Beneath the clinking glasses and toasts lurk many superstitions believed to safeguard against misfortune. Explore some intriguing drinking traditions worldwide that weave superstitions into the fabric of social conventions.
February 02, 2024
In Western European cultures, maintaining eye contact while toasting is crucial. Avert your gaze before clinking glasses and taking a sip, and risk facing the consequence of seven years of bad sex.
Sailors, fearing a "watery grave," avoid toasting with water, linking the sound of clinking glasses to waking the ghosts of the drowned or summoning mythical sea creatures like the Kraken.
Maritime traditions involve tossing the first toast into the water to honour the god of the sea. In the Philippines, pouring a drink on the ground keeps the devil at bay.

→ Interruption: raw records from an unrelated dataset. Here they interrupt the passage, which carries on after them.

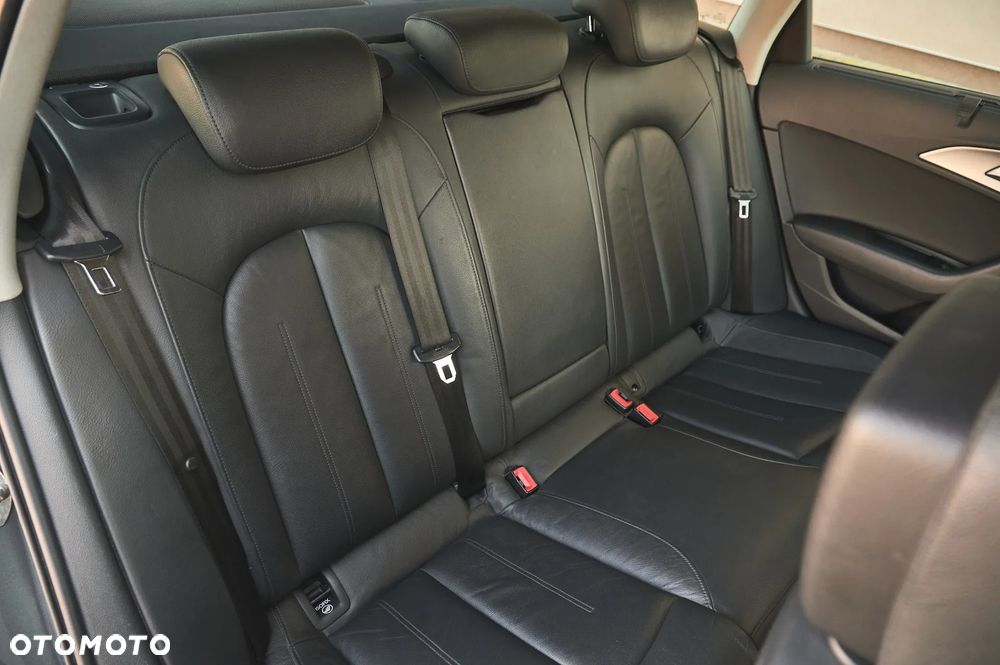 Audi A6 Limousine 3.0 TDI DPF quattro S tronic - 23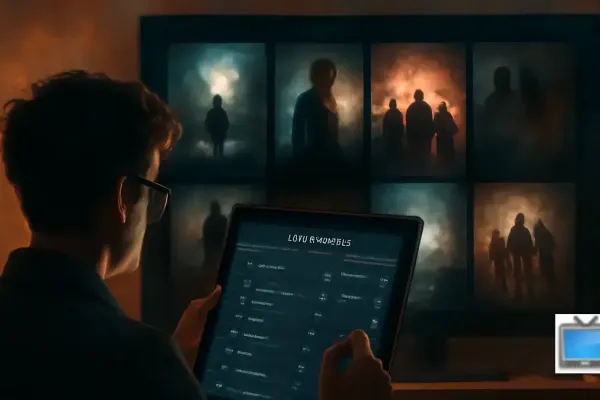 Track Your Shows - Simplifying Viewing Experience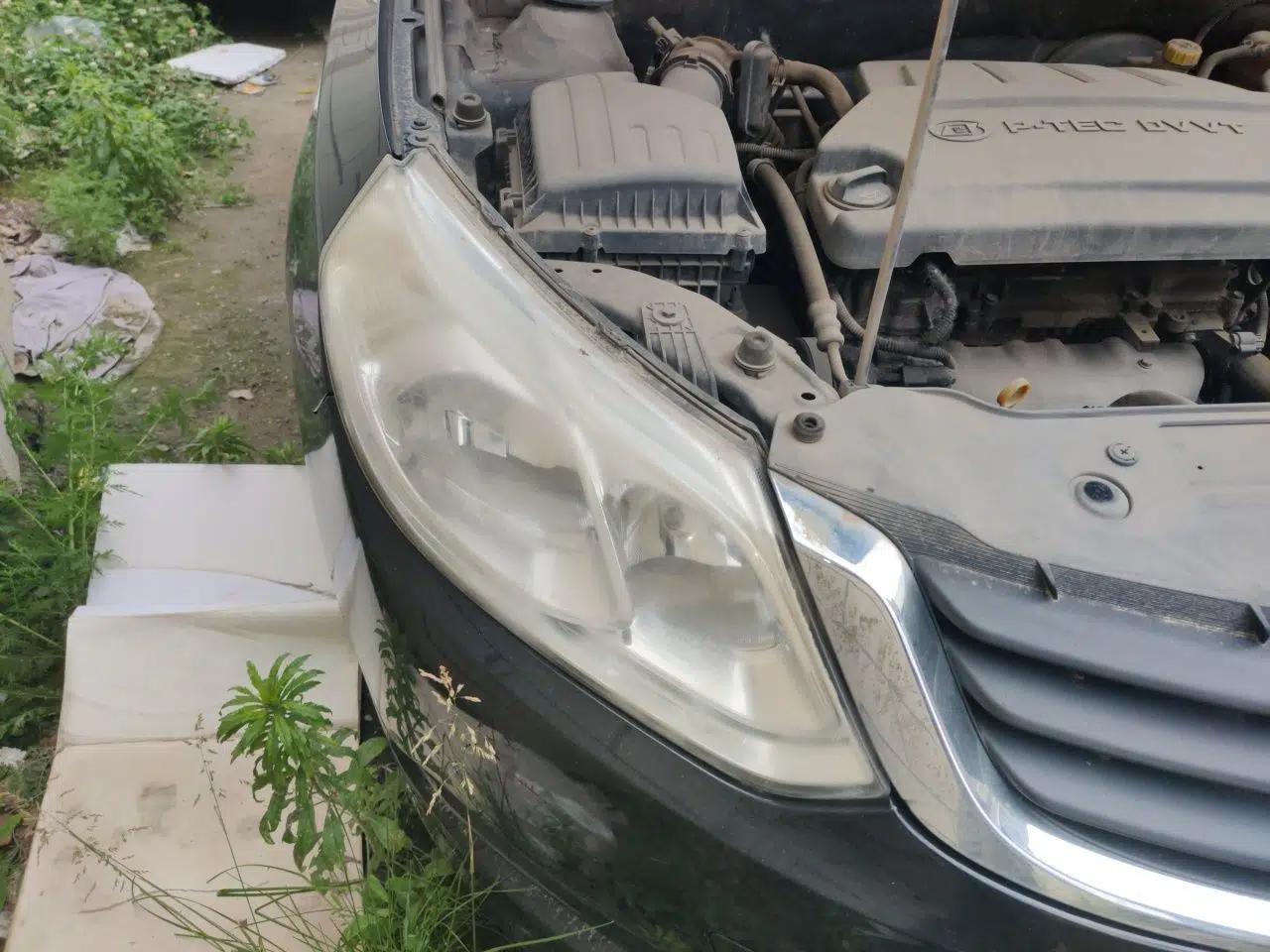 Used Baojun 630 2013 1.5L manual standard version — миниатюра 7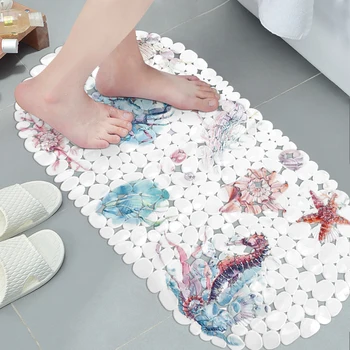 Bath Mats FreeShipping pvc shower bath mat Nonslip floor mat simple bathtub mat bath mat anti-slip mat bathroom 
Bath Mats FreeShipping pvc shower bath mat Nonslip floor mat simple bathtub mat bath mat anti-slip mat bathroom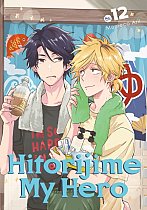 Hitorijime My Hero Vol. 12 manga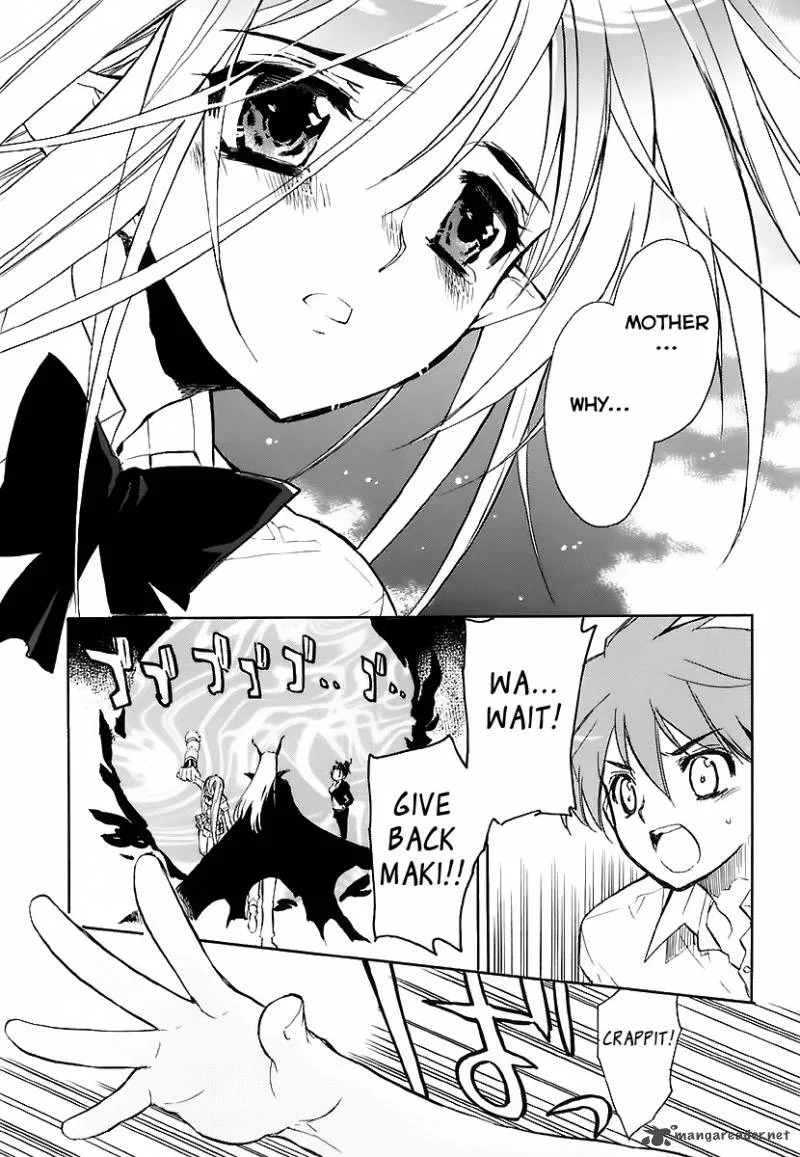Hakoiri Devil Princess Chapter 30 page 31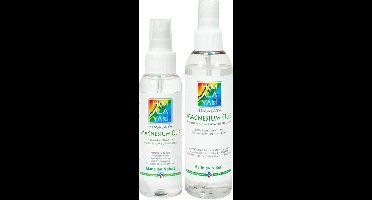 Magnesiumolie van Himalaya magnesium | Magnesium spray 100 ml en 200 ml | Zuiver Magnesium olie voor spieren | Magnesium olie voeten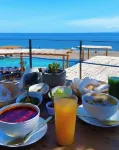 Hotel BASTILLA La paz BCS - جاكوزي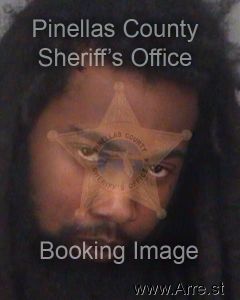 Vashum Jones Arrest Mugshot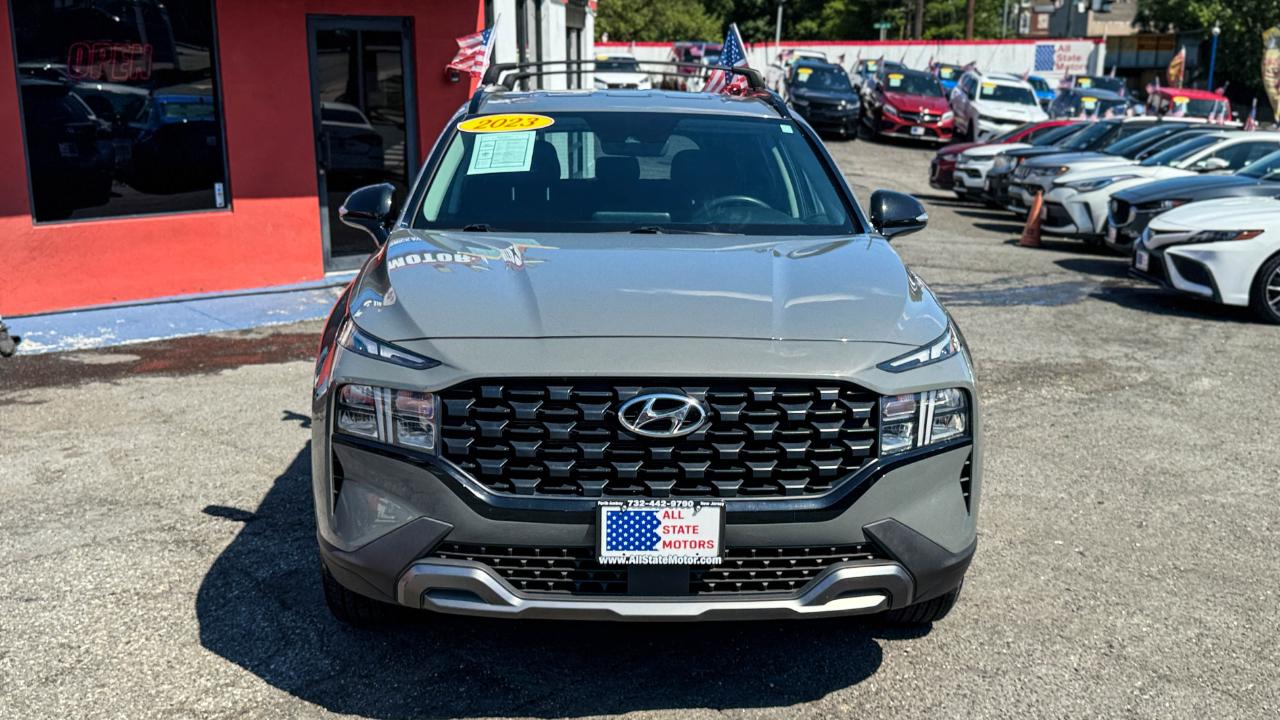 Hyundai Santa Fe XRT AWD 2023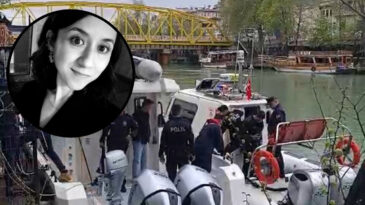 R&uuml;meysa &Ouml;ğretmenin Cesedi Irmaktan &Ccedil;ıktı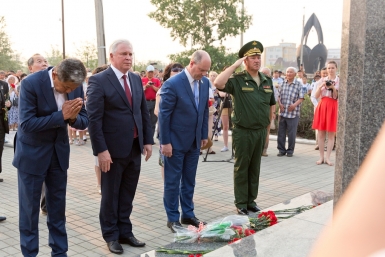 Памятник Алдару Цыденжапову в Улан-Удэ Александра Данилова, UlanMedia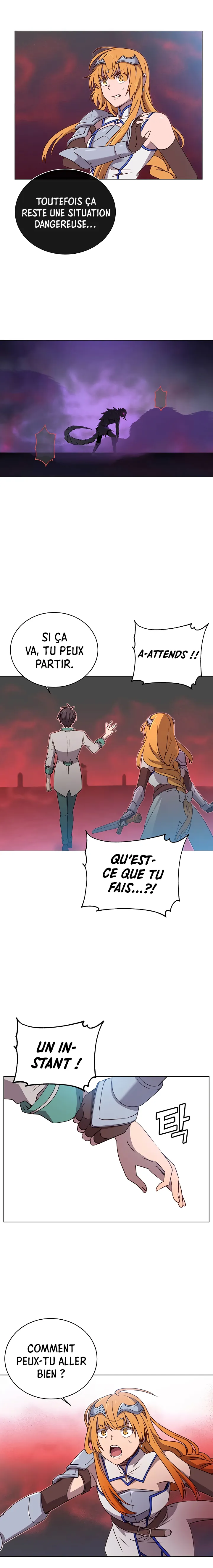 The Max Level Hero has Returned Chapitre 22 - Page 3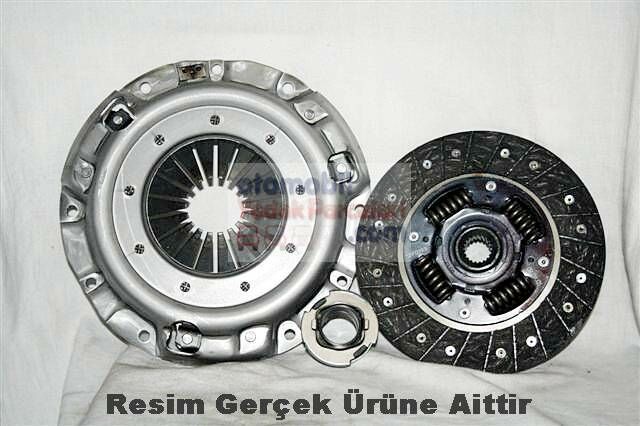 MAZDA 121 BENZİNLİ DEBRİYAJ SETİ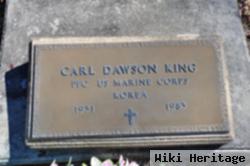 Carl Dawson King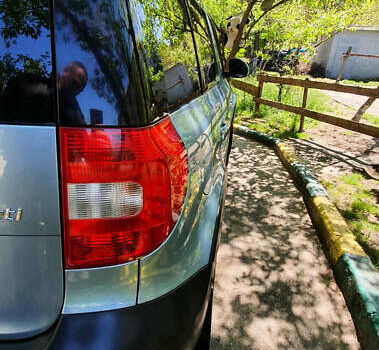 Синий Шкода Ети, объемом двигателя 1.8 л и пробегом 160 тыс. км за 14000 $, фото 5 на Automoto.ua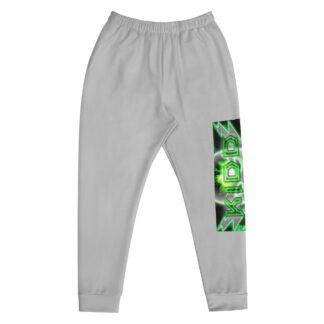 Kidd Riot "Green logo" Unisex Joggers
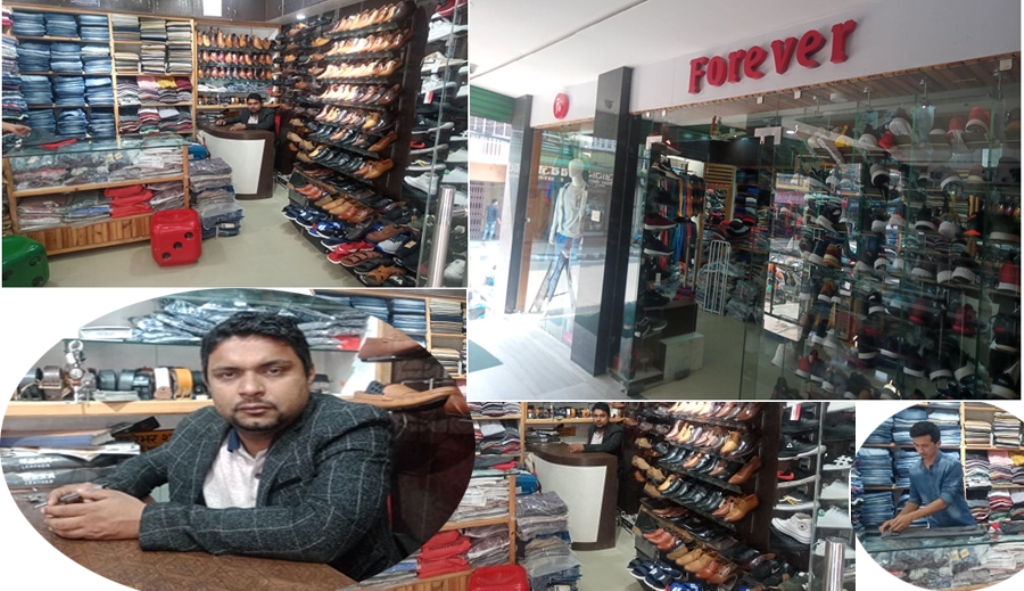 होजियारी व्यवसायमा अब्बल अर्जुन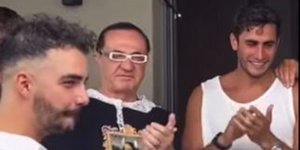 Λευτέρης Πανταζής Μάριος Καπότσης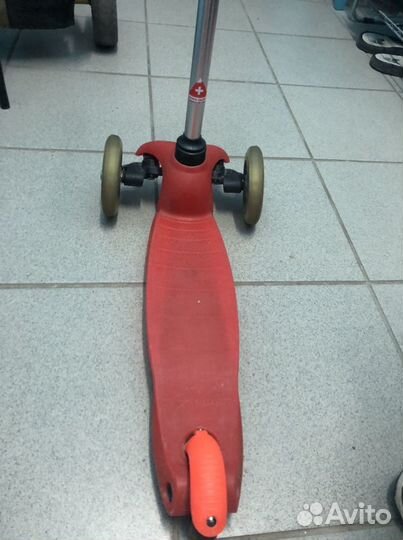 Самокат micro mini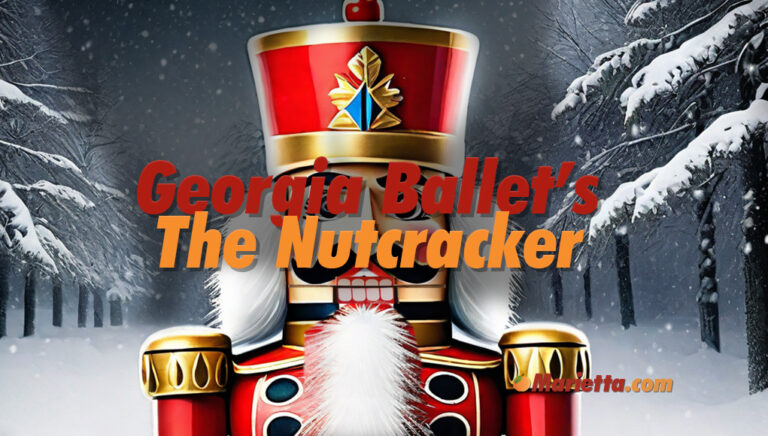 Georgia Ballet’s The Nutcracker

In Japan, it's considered bad luck to pour your own sake. Wait for your host to pour your drink; never pass a cup of sake directly from one hand to another.
Ancient Germanic traditions saw people knocking on oak tables while drinking to announce they weren't disguised as the devil, a practice to prevent the devil from joining the gathering.
Mexican superstition advises clinking glasses three times to ward off evil spirits. In Irish tradition, avoid crossing arms while toasting, as it's believed to block positive energy.
In Korean culture, accepting a drink from an elder is a sign of respect and must be done using both palms to hold the glass, showcasing reverence for tradition.
In Russia, placing an empty vodka bottle on the table is considered an ill omen. Instead, it's customary to put the empty bottle on the floor. Similar beliefs exist in Europe regarding unfinished bottles or placing a glass filled with alcohol back on the table.